Author: Nathan A. Mahynski

Date: 2023/09/12

Description: Discussion and examples of [PLS](https://en.wikipedia.org/wiki/Partial_least_squares_regression).

[![Open In Colab](https://colab.research.google.com/assets/colab-badge.svg)](https://colab.research.google.com/github/mahynski/pychemauth/blob/main/docs/jupyter/gallery/pls.ipynb)

[Partial least squares (PLS) regression](https://en.wikipedia.org/wiki/Partial_least_squares_regression) is also known as "projection to latent structures".  There are many explanations for the PLS algorithm, but in essence this is actually a scheme to project both X and Y while taking each other into account (so this is considered supervised).  This is motivated by the example of [PCR](pca_pcr.ipynb) showing that just because the data ($X$) is naturally spread out in certain dimension does not necessarily mean the that response variable ($Y$) is correlated with that distribution.  Assume we model $X$ and $Y$ as follows:

$$X = TP^T + E$$,

$$Y = UQ^T + F$$,

where $E$ and $F$ are error terms (assumed to be IID). $X$ has dimensions $n \times p$, and $Y$ has dimensions $n \times l$; $T$ and $U$ are the $n \times k$ projection matrices of $X$ and $Y$, respectively.  Here, $k \le p$ represents a dimensionality reduction; while $P$ is $p \times k$ and $Q$ is $l \times k$.
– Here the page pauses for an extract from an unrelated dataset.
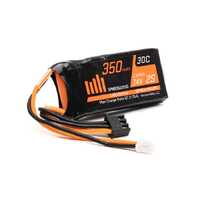 Spektrum 350mAh 2S 7.4V LiPo with PH2.0 2 Pin Connector, DYNB0012 SPMX3502S30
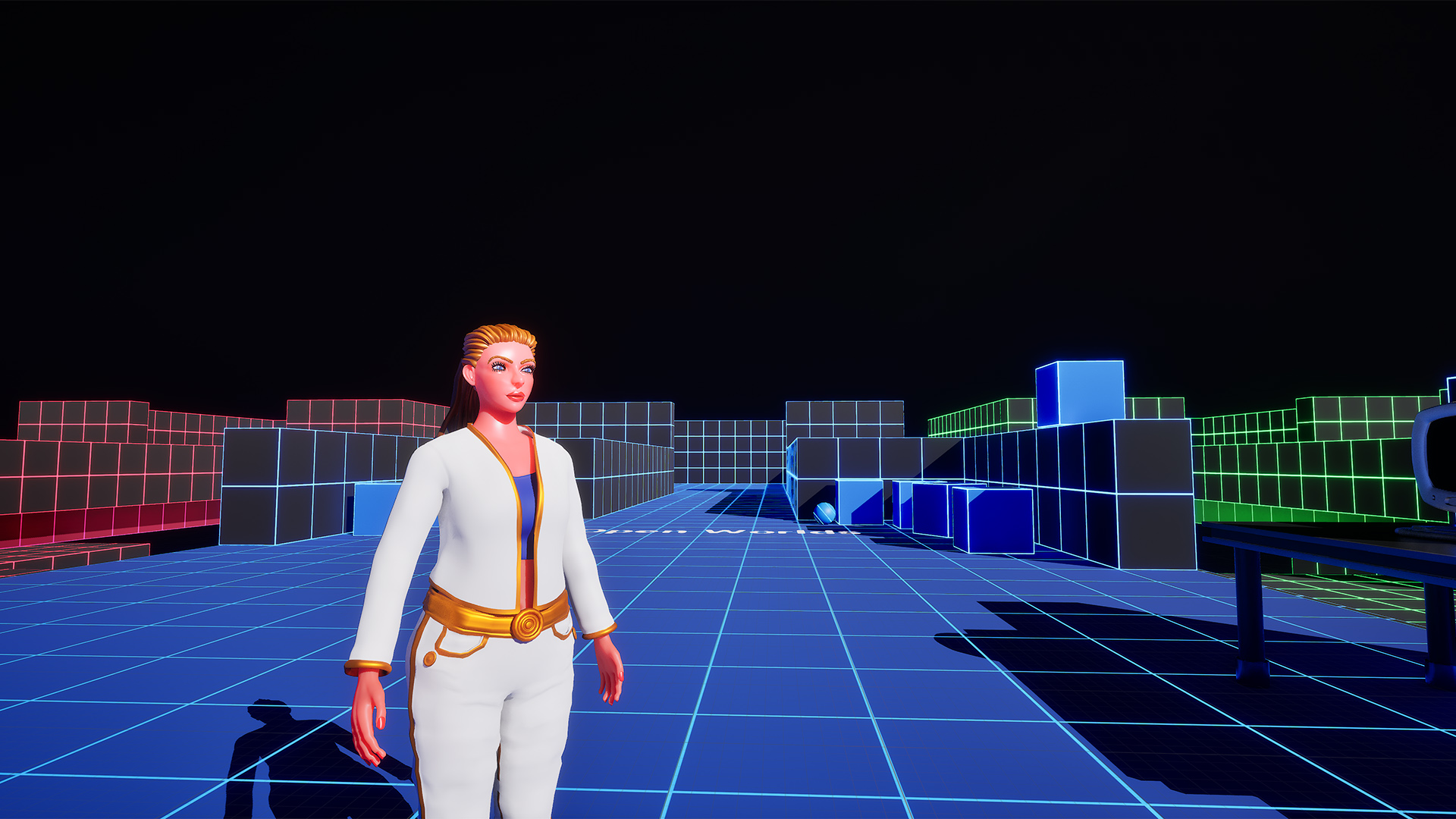 Unreal C++ & Semiotics: Debug Room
This is particularly useful when we have either the case where (1) we have more regressors than instances ($p > n$), or (2) when the output is correlated with **dimensions that have low variance**, in which case unsupervised PCA will discard those dimensions, and with them, the PCR's predictive power. Note that (1) often occurs when we many correlated dimensions and so we have very few independent regressors in truth.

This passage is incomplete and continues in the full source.